Two rows of five d&b horn-loaded full-range cabinets provide the main reinforcement to the circular auditorium, supported by Tannoy NXT flat panel front fills with a further 32 NXTs under the balconies as delays and for surround effects. Additional d&b's cover the rear upper and side balconies plus some more on stage for first-wavefront support and deep upstage sound effects. A large format Studer Vista 5 console routes all microphone and playback sources via AES3 into a 16-in/32-out TiMax audio imaging processor, which in turn feeds the multi-channel distributed loudspeaker system.
The effect of focusing the system onto multiple sound sources is achieved by defining a number of localisation zones on stage and in the auditorium and then delay-mapping these image definition origins independently to each of the loudspeakers and the seating areas they cover.
The TiMax matrix and software can then statically or dynamically pan sound sources to multiple locations around the stage or house, continuously varying delay times so that the Haas precedence effect maintains good imaging for the whole audience.

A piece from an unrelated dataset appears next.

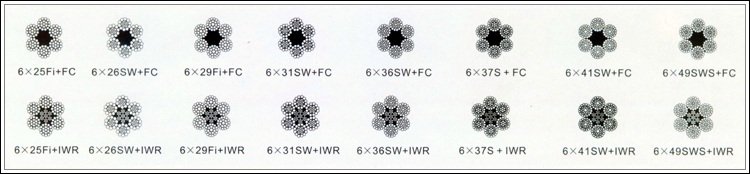 鋼絲繩6*29Fi、6*25Fi、6*26SW、6*31SW、6*36SW、6*37S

Notably, Det Kongelige is also one of several recent TiMax installations fitted with new proprietary smooth-panning firmware algorithms which enhance the transparency of the delay-panning process by eliminating any glitching or phasing artifacts, says the company.
Sound effects content is handled by TiMax Soundtablet editing, playback and waveform-based panning functions which are embedded within the TiMax showcontrol software, triggered either manually or by external MIDI or SMPTE control from the Studer console.